And yesterday I finished this… I was instructed by my wife not to discuss my issues with AI* when talking about this book. So… AI aside, here’s my thoughts.
“Inside Her” is a book that everyone on Facebook was talking about so I decided to give it a whirl. I even told my friend about it before I dove in. She finished it all in one sitting but I took a little longer—more like a weekend.
The story is about an woman, who was always curious about being a lesbian but after being assaulted as a child, she grew up thinking she needed a man to protect her from bad people. Unfortunately, the bad people were the ones protecting her. She was engaged to a man who verbal and mentally abused her and she lived with it. UNTIL… she found a woman who she fell head over heels for.
In life, and in this story, there is a lot of pressure to come out and live your truth. And while the main character, Jess, wanted to live that… she was also afraid. So true to life. She had jumped from one straight relationship to another that she never really had the chance to be single and mingle. Again, very true to life.
This presents a problem when Jess is forced to decide to settle into a lesbian relationship—fully and completely out—or to take time to process and live a little.
I completely, 100% understand this. In my own life, once I had my first official girlfriend and we were living with each other, my mind said exactly what Jess said… WHAT IF?
I think the story of “Inside Her” hit home in many ways. The character was obsessive, like me, though I am not nearly as neurotic. She cratered into a spiraling pit of depression because of not being able to be with someone; she rather choose death over living alone. Again, that was part of my past too. Therefore, I connected with it.

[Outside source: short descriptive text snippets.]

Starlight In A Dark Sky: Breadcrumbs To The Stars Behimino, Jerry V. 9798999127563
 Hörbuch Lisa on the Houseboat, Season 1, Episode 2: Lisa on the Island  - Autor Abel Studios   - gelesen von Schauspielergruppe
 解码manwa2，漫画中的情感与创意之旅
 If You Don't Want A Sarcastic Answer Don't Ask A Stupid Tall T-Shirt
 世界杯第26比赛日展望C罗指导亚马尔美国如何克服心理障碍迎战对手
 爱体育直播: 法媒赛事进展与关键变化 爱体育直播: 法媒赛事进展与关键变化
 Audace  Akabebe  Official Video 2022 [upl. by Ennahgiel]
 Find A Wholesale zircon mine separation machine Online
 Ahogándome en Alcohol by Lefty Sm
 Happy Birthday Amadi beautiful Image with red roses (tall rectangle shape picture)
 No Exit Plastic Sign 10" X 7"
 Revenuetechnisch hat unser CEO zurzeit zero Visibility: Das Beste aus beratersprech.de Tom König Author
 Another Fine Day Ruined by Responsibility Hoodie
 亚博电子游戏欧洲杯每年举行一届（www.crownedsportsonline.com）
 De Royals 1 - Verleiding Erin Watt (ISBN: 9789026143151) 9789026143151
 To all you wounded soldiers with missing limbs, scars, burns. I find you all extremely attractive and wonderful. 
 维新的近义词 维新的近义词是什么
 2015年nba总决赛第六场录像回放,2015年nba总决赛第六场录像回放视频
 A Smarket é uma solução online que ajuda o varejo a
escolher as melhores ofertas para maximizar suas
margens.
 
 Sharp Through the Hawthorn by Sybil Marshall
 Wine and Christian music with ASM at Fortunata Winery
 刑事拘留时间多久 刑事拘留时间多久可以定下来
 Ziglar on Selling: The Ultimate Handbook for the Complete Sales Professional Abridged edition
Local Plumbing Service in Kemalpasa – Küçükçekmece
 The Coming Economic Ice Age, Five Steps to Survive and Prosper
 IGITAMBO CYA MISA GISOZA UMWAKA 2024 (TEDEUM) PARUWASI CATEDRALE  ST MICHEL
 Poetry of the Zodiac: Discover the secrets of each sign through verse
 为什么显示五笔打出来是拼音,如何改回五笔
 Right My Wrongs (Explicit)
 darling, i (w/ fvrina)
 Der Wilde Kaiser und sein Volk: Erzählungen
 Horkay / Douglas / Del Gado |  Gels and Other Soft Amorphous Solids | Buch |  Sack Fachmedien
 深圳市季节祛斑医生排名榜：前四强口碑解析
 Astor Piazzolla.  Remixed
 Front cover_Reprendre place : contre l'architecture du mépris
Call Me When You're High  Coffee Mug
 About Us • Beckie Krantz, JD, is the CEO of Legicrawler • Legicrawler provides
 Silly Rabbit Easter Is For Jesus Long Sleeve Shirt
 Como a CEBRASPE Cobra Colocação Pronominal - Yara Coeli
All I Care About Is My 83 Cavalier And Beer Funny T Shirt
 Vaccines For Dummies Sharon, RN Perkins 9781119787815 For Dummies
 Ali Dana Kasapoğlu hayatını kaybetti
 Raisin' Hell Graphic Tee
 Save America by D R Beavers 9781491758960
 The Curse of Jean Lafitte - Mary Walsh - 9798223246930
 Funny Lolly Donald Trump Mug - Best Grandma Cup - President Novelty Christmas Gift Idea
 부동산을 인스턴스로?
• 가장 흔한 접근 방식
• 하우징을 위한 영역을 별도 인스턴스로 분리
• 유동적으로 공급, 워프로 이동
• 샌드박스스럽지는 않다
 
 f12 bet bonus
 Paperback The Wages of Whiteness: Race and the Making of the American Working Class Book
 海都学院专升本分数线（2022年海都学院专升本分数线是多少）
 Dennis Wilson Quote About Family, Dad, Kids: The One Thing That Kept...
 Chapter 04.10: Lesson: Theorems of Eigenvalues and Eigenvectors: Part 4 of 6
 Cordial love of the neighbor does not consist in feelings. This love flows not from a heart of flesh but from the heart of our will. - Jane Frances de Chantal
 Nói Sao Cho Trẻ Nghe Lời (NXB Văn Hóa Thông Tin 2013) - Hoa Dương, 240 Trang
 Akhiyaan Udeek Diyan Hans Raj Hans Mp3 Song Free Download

I guess my dislikes about the book as a whole was the author spent too much time—too many chapters—saying the same thing, over and over. Early on when the two main characters meet there is tons and tons of sex. And while this happens in real life, I felt that we didn’t need 4-5 chapters of the same three days of constant sex. Then again, when we know Jess is spiraling and she is replaying out the events of the destruction of her relationship with Georgia, we spend way too much time suffering with her in a way that is was just annoying.
Jess was annoying. Very annoying. But the story was a good one, overall. It is definitely worth the read—my friend said she balled her eyes out at the end. I did not because during those moments of joy/happiness, I was too busy rolling my eyes at the blatant AI paragraphs. Just saying.
*I do not believe the entire book was written by a computer, there are moments when I could tell the paragraph(s) were paraphrased enough to hit the AI-detectors (my eyes can spot that a mile away). It wasn’t enough to distract from a good story.
And that’s my story… and I’m sticking to it.